Bill Callinan

Personal information
- Full name: William John Callinan
- Born: 23 November 1930 Morpeth, New South Wales, Australia
- Died: 23 June 1985 (aged 54) Gold Coast, Queensland

Playing information
- Position: Wing
Club
| Years | Team | Pld | T | G | FG | P |
| 1952–53 | Western Suburbs | 36 | 18 | 0 | 0 | 54 |
Representative
| Years | Team | Pld | T | G | FG | P |
| 1949 | Queensland | 2 | 0 | 0 | 0 | 0 |
- Source:

= Bill Callinan =

Australian rugby league footballer

Bill Callinan (1930-1985) was an Australian professional rugby league footballer who played in the 1950s.
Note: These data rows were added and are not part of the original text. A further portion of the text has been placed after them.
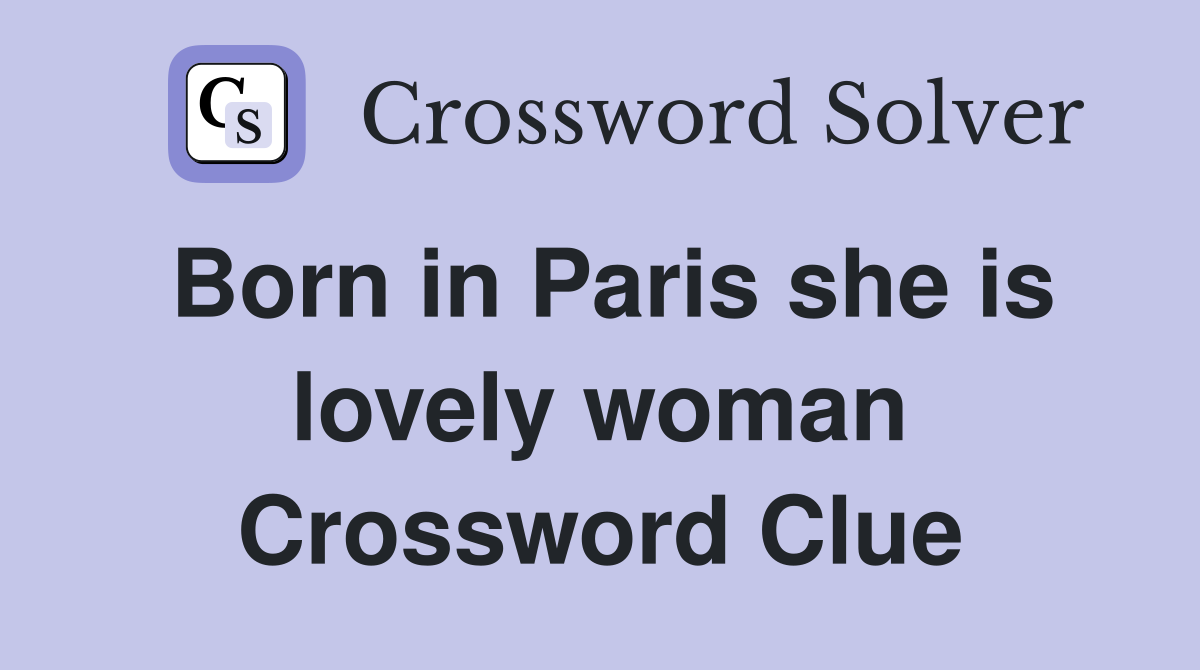 Born in Paris she is lovely woman Crossword Clue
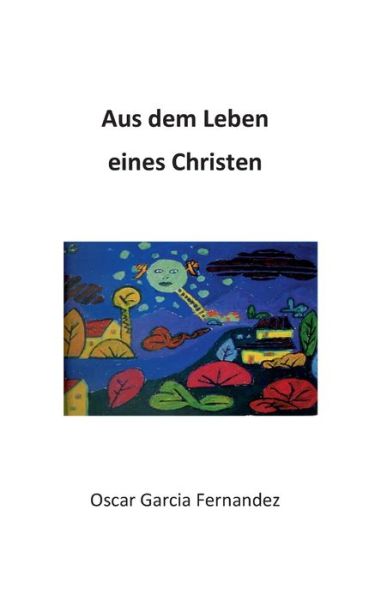 Cover for Oscar Garcia Fernandez · Aus dem Leben eines Christen (Paperback Book) (2020)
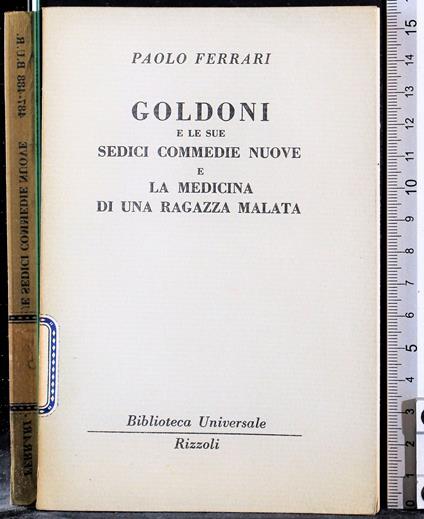 Goldoni e le sue sedici commedie nuove e la medicina - Ferrari - copertina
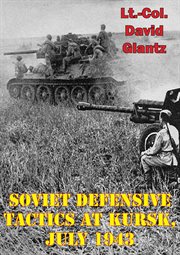 July 1943 soviet defensive tactics at kursk cover image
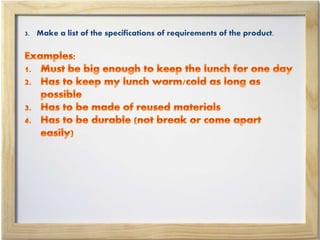3. Make a list of the specifications of requirements of the product.
 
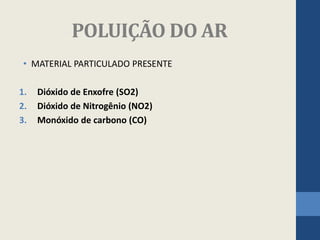 POLUIÇÃO DO AR
• MATERIAL PARTICULADO PRESENTE
1. Dióxido de Enxofre (SO2)
2. Dióxido de Nitrogênio (NO2)
3. Monóxido de carbono (CO)
 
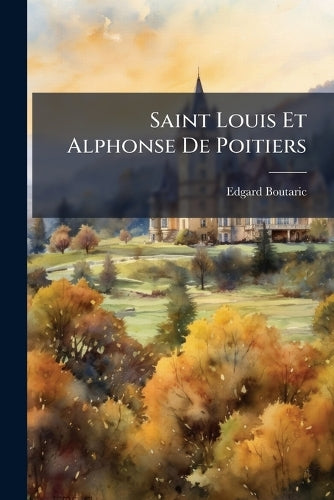 Saint Louis Et Alphonse De Poitiers cover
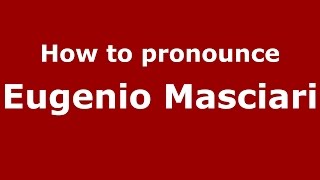 How to pronounce Eugenio Masciari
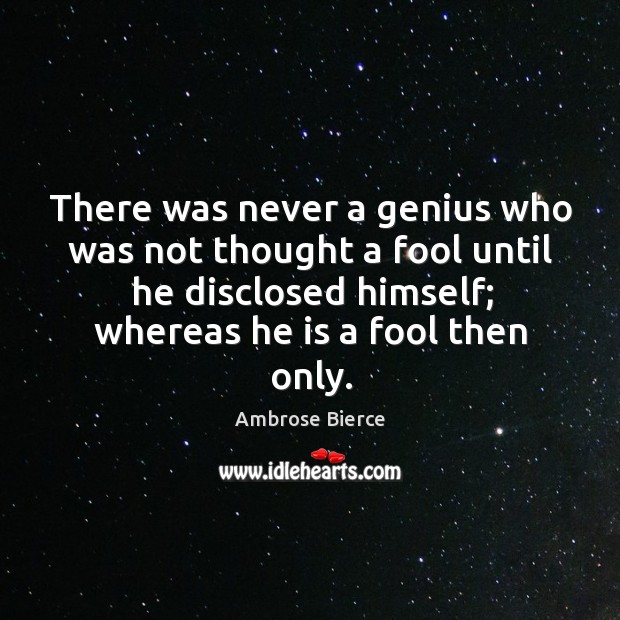 There was never a genius who was not thought a fool until Image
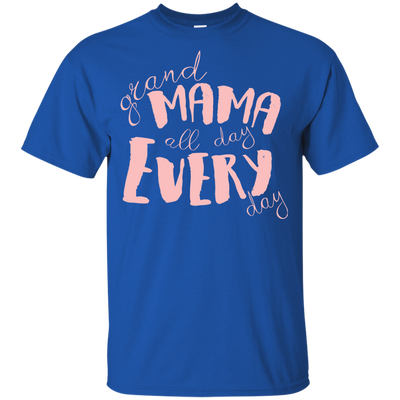 Mama All Day Everyday T Shirts V4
He played for Western Suburbs as a winger.

==Playing career==

Callinan made his debut for Western Suburbs in 1952 against Balmain at Pratten Park. The same year Wests defeated South Sydney 22–10 in the grand final claiming their fourth and final premiership. The match was remembered due to its controversy with Souths claiming they were denied two legitimate tries and Western Suburbs being awarded a try off a blatant knock on. Callinan played one more season with Western Suburbs in 1953. At representative level, Callinan played for Queensland on two occasions.